What this task involves:
Once the line holding "The Nature of Somerset's Coast" is found in the entries below, transcribe exactly every line up to and including the one holding "手机QQ怎么查看魅力值，手机QQ魅力值查看方法", but leave out the pictures.

Data shown:
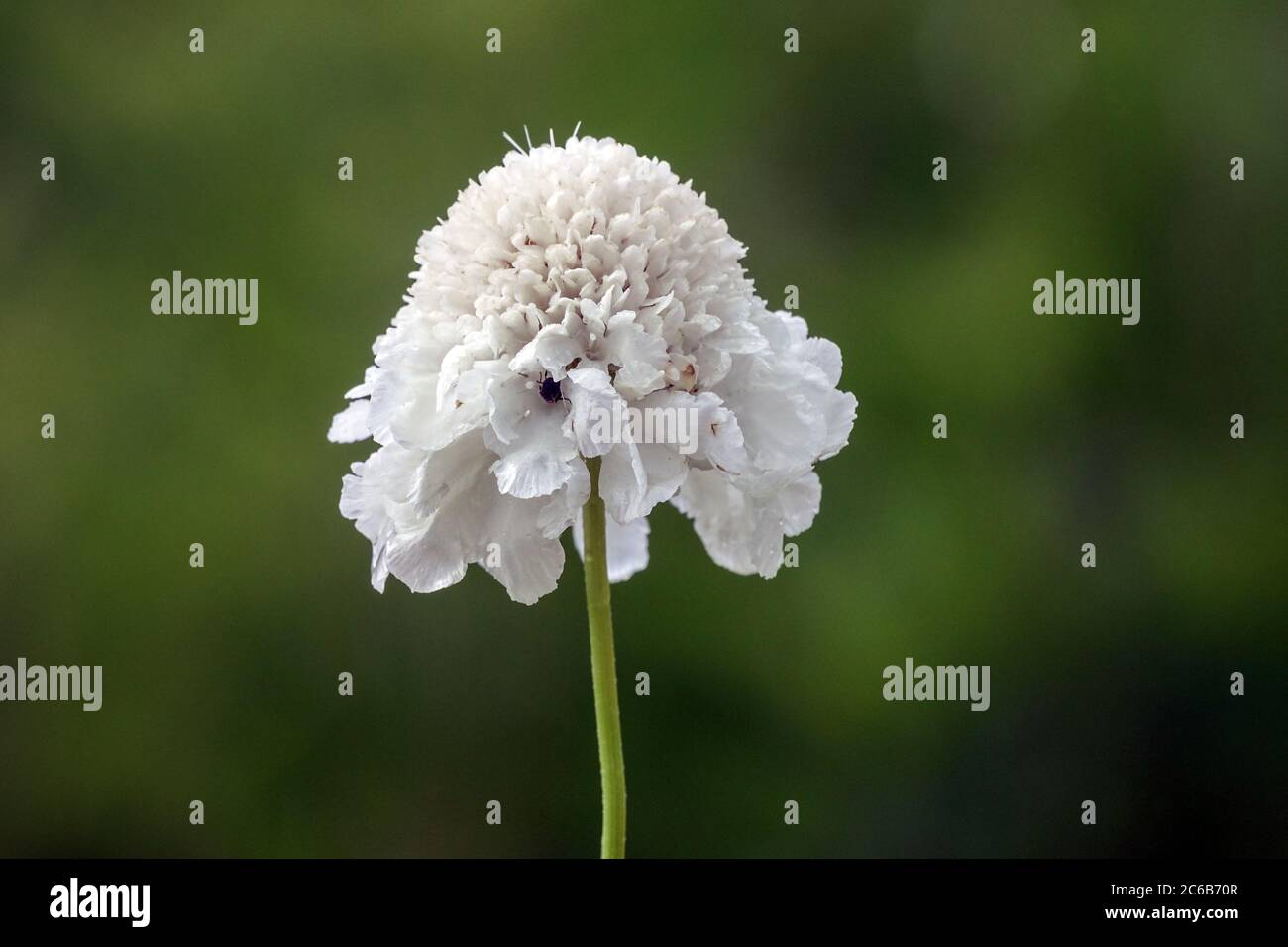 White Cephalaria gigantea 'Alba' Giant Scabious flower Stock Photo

...

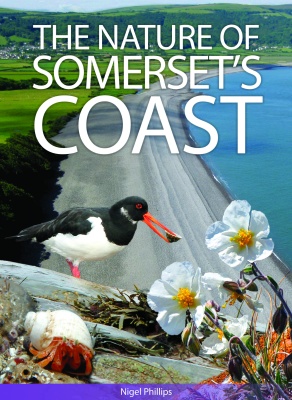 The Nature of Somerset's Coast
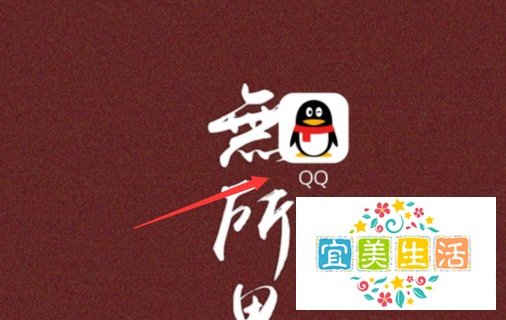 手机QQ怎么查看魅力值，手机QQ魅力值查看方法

...

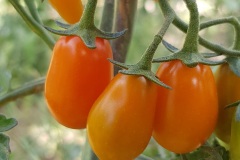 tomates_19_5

Result of the exercise:
 The Nature of Somerset's Coast
 手机QQ怎么查看魅力值，手机QQ魅力值查看方法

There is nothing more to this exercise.